WASHINGTON -- FBI Director James Comey used speech at Georgetown University on Thursday to comment on the contentious debate over race and criminal justice in America - a debate that has intensified in recent months following the killings of unarmed black men by police officers in Ferguson, Mo. and New York City, and the subsequent killing of two NYPD officers.
Comey said the United States is at a crossroads in how it approaches policing and race relations. He suggested both minority communities and law enforcement officials have to confront a series of "hard truths" to make progress in repairing the frayed bonds of trust between cops and the communities they serve.
He highlighted research showing that people in a majority-white society react differently to black people on a subconscious level.
"If we can't help our latent biases, we can help our behavior in response to those instinctive reactions, which is why we work to design system and processes to overcome that very human part of us all," he explained. "Although the research may be unsettling it is what we do next that matters most."
He suggested that, in areas where a majority of crime is committed by non-white residents, police officers can be conditioned to more closely scrutinize members of minority communities - a tactic some would label racial profiling. Comey described the practice as a "mental shortcut."

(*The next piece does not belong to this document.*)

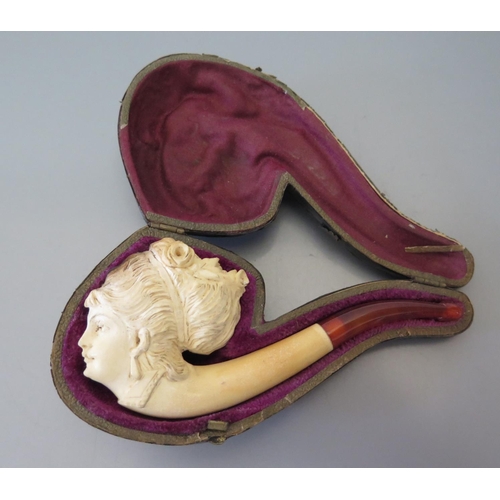 300 - A Meerschaum Pipe in fitted case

"The two young black men on one side of the street look like so many others the officer has locked up," Comey said. "Two young white men on the other side of the street - even in the same clothes - do not. The officer does not make the same sinister association about the two white guys, whether that officer is white or black."
"Those of us in law enforcement must double down on fixing biases," he added. "We must resist shortcuts and laziness."
He also offered a defense of law enforcement officers, though, saying most of them are not racists, and that they entered the police force to help the community, regardless of race.
"Racial bias isn't epidemic in law enforcement any more than it's epidemic in academia or the arts," he said. "In fact, I believe law enforcement overwhelmingly attracts people who want to do good for a living - people who risk their lives because they want to help other people."
"They don't sign up to be cops in New York or Chicago or [Los Angeles] to help white people or black people or Hispanic people or Asian people," he said. "They sign up because they want to help all people, and they do some of the hardest, most dangerous policing to protect communities of color."
His comments marked the first time the FBI's top leader has opined so publicly and candidly on the subject of race and law enforcement.
Several other top law enforcement officials have also waded into that debate in recent months, but their efforts, more often than not, have engendered controversy. Both Attorney General Eric Holder and New York City Mayor Bill de Blasio commented on the deaths of Michael Brown in Ferguson and Eric Garner in New York City, but critics said their input unfairly maligned the law enforcement community.